BRIEF
Among the entries below, take the line with "Load image into Gallery viewer, Bloody" and the line with "France Away EURO24 - Image 2", and output them and every line between them exactly, with nothing else.

Short web captions
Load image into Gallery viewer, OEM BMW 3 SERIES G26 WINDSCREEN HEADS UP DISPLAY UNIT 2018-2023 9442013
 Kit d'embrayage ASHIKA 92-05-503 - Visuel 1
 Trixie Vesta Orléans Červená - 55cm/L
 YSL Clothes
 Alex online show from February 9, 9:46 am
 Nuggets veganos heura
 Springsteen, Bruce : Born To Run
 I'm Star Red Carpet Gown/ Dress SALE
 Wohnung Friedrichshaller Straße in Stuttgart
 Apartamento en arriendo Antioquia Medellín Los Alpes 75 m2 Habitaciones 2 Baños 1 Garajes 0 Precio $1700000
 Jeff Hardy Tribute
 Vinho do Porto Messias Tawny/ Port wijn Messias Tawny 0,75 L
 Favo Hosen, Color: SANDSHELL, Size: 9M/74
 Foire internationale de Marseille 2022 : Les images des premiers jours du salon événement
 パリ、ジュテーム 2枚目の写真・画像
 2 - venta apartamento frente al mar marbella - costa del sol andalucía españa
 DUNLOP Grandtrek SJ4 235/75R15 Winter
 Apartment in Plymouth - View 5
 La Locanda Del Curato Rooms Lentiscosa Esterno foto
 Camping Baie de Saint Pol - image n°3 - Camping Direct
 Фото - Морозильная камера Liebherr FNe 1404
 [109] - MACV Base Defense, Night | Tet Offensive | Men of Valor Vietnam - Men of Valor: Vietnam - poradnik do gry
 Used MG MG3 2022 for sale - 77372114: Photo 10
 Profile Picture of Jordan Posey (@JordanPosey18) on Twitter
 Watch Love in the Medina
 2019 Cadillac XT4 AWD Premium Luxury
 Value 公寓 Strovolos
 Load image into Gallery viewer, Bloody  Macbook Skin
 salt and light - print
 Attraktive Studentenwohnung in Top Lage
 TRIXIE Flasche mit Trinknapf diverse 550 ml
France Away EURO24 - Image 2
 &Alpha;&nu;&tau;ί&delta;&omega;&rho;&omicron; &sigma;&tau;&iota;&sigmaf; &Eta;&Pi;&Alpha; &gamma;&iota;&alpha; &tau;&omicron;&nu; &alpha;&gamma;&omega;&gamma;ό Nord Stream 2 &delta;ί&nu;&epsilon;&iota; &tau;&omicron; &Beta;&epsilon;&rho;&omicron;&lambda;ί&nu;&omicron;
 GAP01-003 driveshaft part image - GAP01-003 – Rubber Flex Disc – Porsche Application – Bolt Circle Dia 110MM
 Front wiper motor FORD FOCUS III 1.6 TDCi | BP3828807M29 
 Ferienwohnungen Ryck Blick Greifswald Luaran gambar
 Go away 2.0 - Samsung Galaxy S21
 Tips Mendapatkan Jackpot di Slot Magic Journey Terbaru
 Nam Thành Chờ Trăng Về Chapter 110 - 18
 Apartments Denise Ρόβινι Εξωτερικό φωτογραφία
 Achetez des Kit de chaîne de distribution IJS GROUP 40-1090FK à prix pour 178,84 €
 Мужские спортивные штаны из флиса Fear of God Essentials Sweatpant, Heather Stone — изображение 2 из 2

TASK RESPONSE
 Load image into Gallery viewer, Bloody  Macbook Skin
 salt and light - print
 Attraktive Studentenwohnung in Top Lage
 TRIXIE Flasche mit Trinknapf diverse 550 ml
France Away EURO24 - Image 2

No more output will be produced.